Bill Maher spent the first half of his Friday night monologue telling progressives to stop complaining about the Oscars. He spent the second half explaining why nobody should trust the Oscars about anything.
On the March 13 episode of Real Time, one night before the 98th Academy Awards, Maher devoted his closing “New Rule” segment to the 10th anniversary of #OscarsSoWhite — the campaign that launched a decade of diversity scrutiny aimed at the Academy. His argument was simple: it worked. Move on.
The victory lap
Maher rattled off the receipts. Best Picture in the last decade has gone to Everything Everywhere All at Once, Parasite, CODA, Moonlight, and The Shape of Water. Acting Oscars have gone to Will Smith, Michelle Yeoh, Ke Huy Quan, Da’Vine Joy Randolph, and Mahershala Ali — twice. Eight of the last 10 Best Director prizes went to filmmakers from underrepresented groups. So did 60 percent of the honorary awards.
He told the room that nobody could argue, “with a straight face — or even a gay face,” that the Academy in 2026 still overlooks minority achievement. He called Hollywood “a secret cabal of people terrified of looking like racists.” And he said he was tired of “social justice warriors feeling the need to gaslight us as if none of it had happened.”
Then he went after the Academy’s inclusion requirements for Best Picture eligibility — the rules mandating that a certain percentage of crew or department heads come from underrepresented groups. Maher argued that under those standards, films like Titanic, Braveheart, and Amadeus couldn’t even be considered today.
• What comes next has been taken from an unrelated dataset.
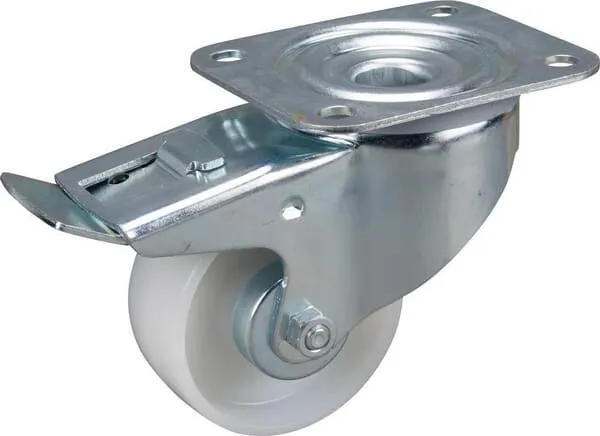 Otočné kolečko polyamidové: Ø 80x34 mm, s brzdou, kování: 105x85 mm, zatížení: 200 kg, Tente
Apollo 13, he noted, “was about a bunch of white people because white people have done some stuff” — but Hidden Figures got made anyway, without a rulebook forcing it into existence.
Then he pointed to this year’s biggest contender to make his case: Sinners, Ryan Coogler’s supernatural thriller, which earned a record 16 Oscar nominations. Maher’s verdict: “It doesn’t need affirmative action.”
That was the argument. Diversity won. The rules are overkill. Trust the system.
Then Maher stopped trusting the system
What followed was a five-minute dismantling of the institution he had just told everyone to believe in.
Maher proposed a new hashtag — #OscarsSoWrong — and proceeded to list every Best Picture winner that history has quietly overruled. Citizen Kane lost to How Green Was My Valley. Saving Private Ryan lost to Shakespeare in Love. The Shawshank Redemption lost to Forrest Gump. Raging Bull, Pulp Fiction, 12 Angry Men, Singin’ in the Rain, Dr. Strangelove — none of them won.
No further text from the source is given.